> Task description
Your response should consist of the entries below, reproduced exactly and without their images.

[Short web captions]
»»
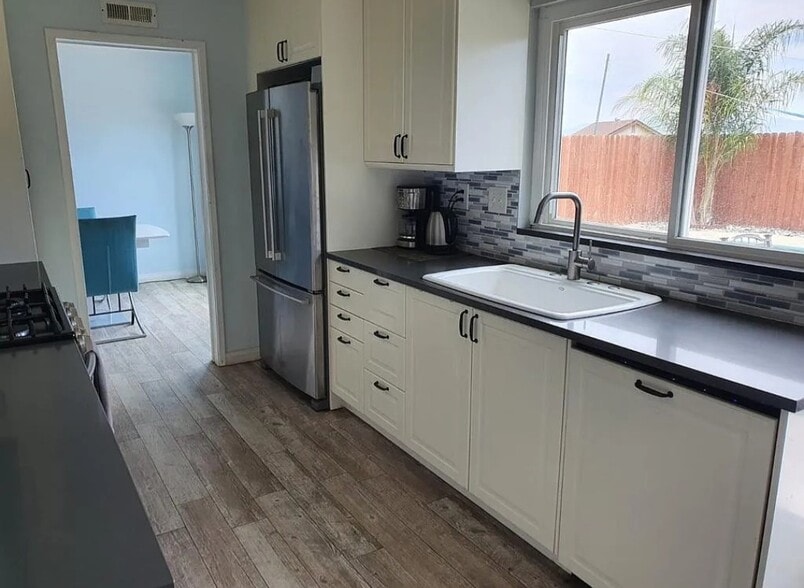 Building Photo - 6935 Simi Pl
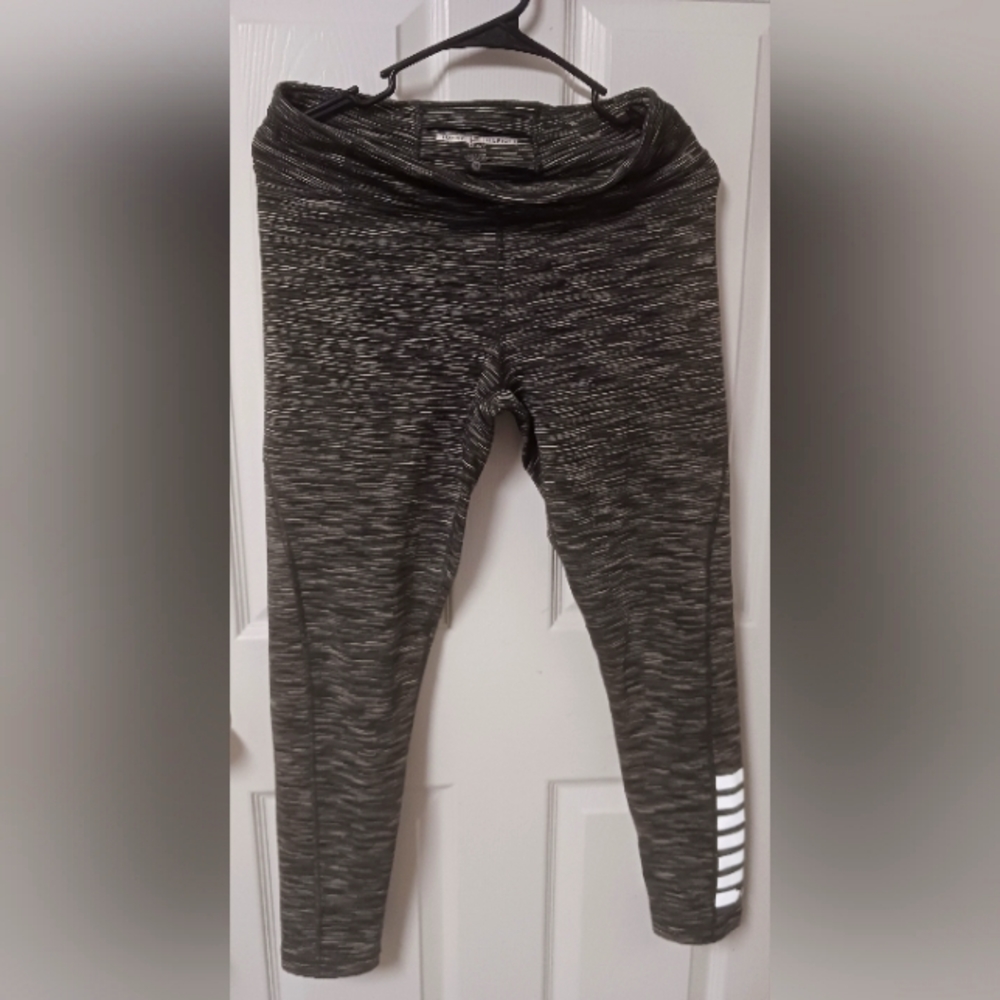Tommy Hilfiger sport size M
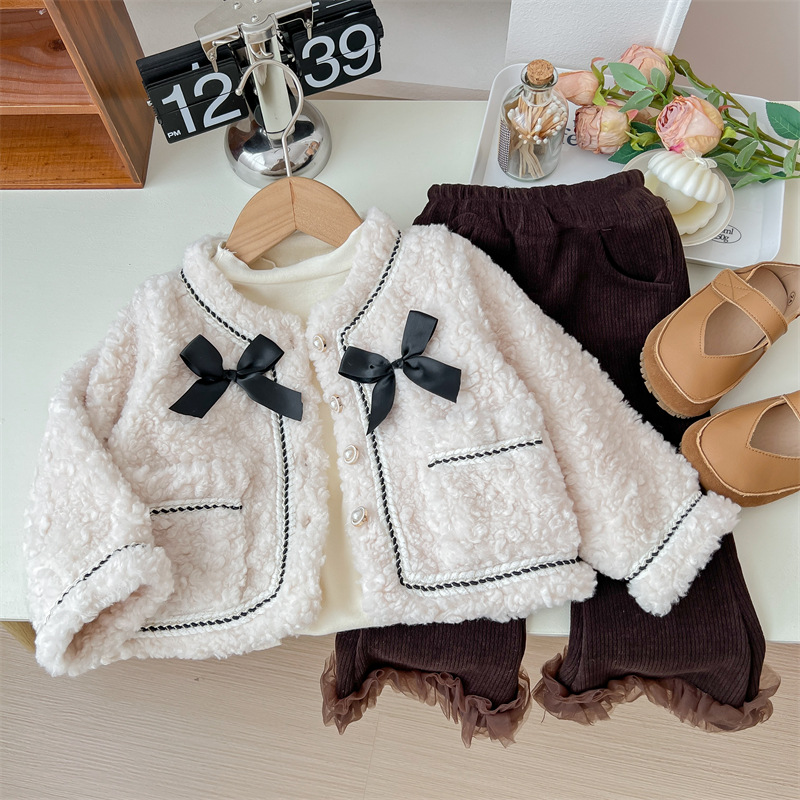 蘑菇房女童外套秋冬装2023新款洋气冬季宝宝小香风女孩衣服儿童装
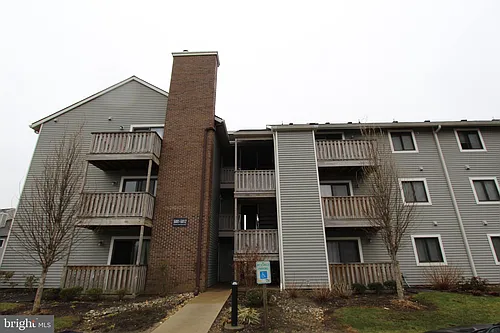 5012 Ravens Crest Dr Photo 1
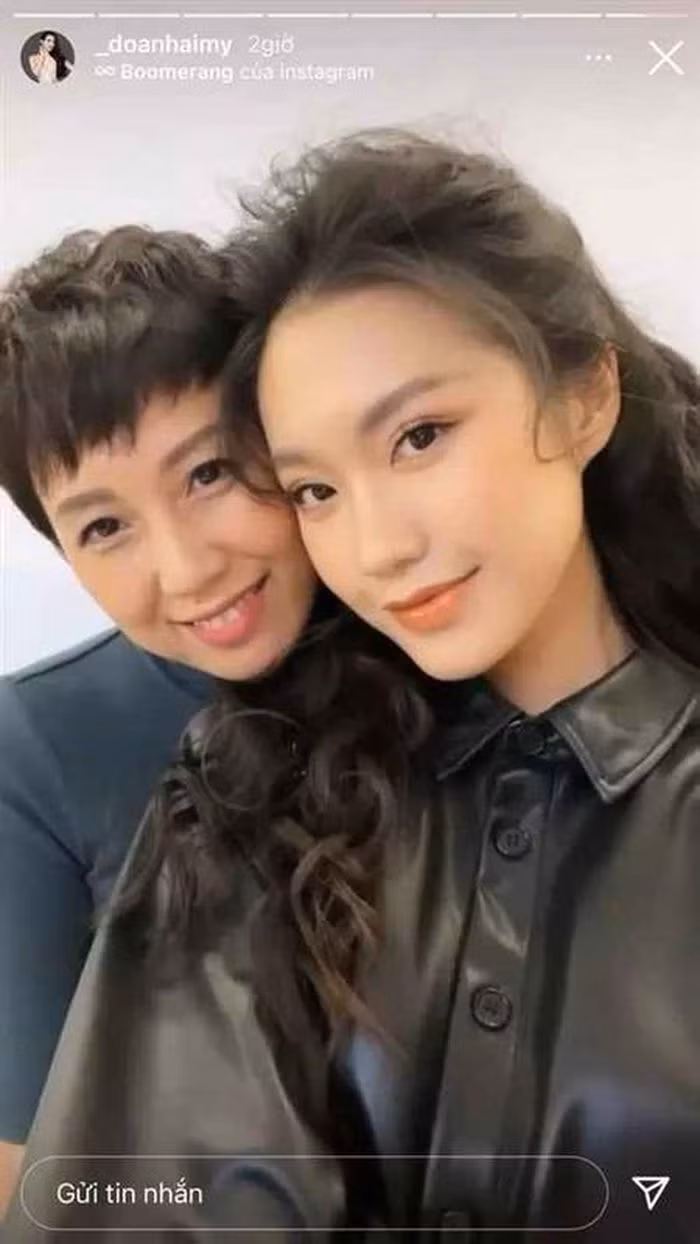 Mẹ của Hải My luôn diện đồ với phong cách ăn mặc sang trọng, thời thượng nên càng khiến ngoại hình thêm phần trẻ trung.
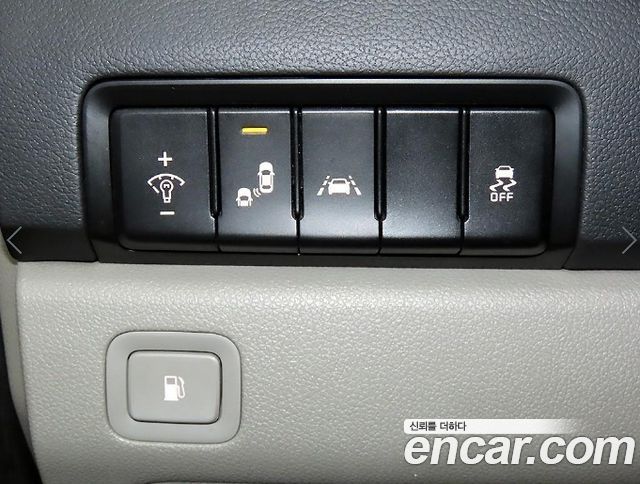 Kia Carnival 9-Seater Prstige 2019 — фото 17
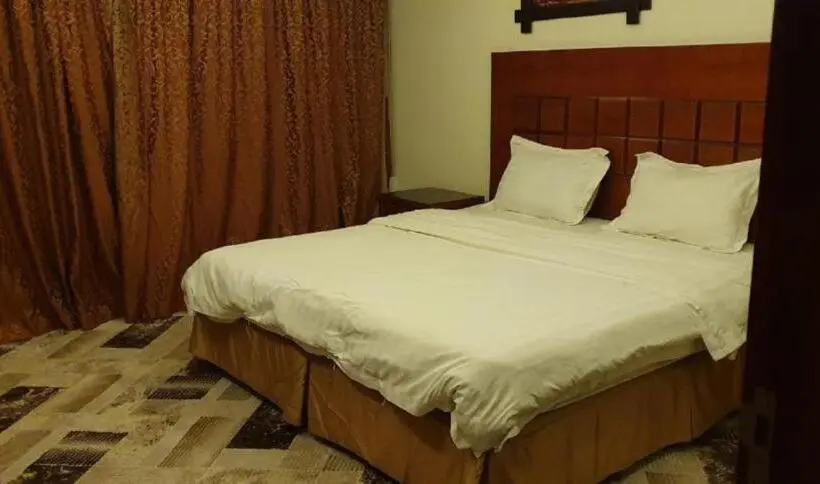 Huoneisto 1 Makuuhuone, أجنحة النرجس أبها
««
> Problem solution
 Building Photo - 6935 Simi Pl
Tommy Hilfiger sport size M
 蘑菇房女童外套秋冬装2023新款洋气冬季宝宝小香风女孩衣服儿童装
 5012 Ravens Crest Dr Photo 1
 Mẹ của Hải My luôn diện đồ với phong cách ăn mặc sang trọng, thời thượng nên càng khiến ngoại hình thêm phần trẻ trung.
 Kia Carnival 9-Seater Prstige 2019 — фото 17
 Huoneisto 1 Makuuhuone, أجنحة النرجس أبها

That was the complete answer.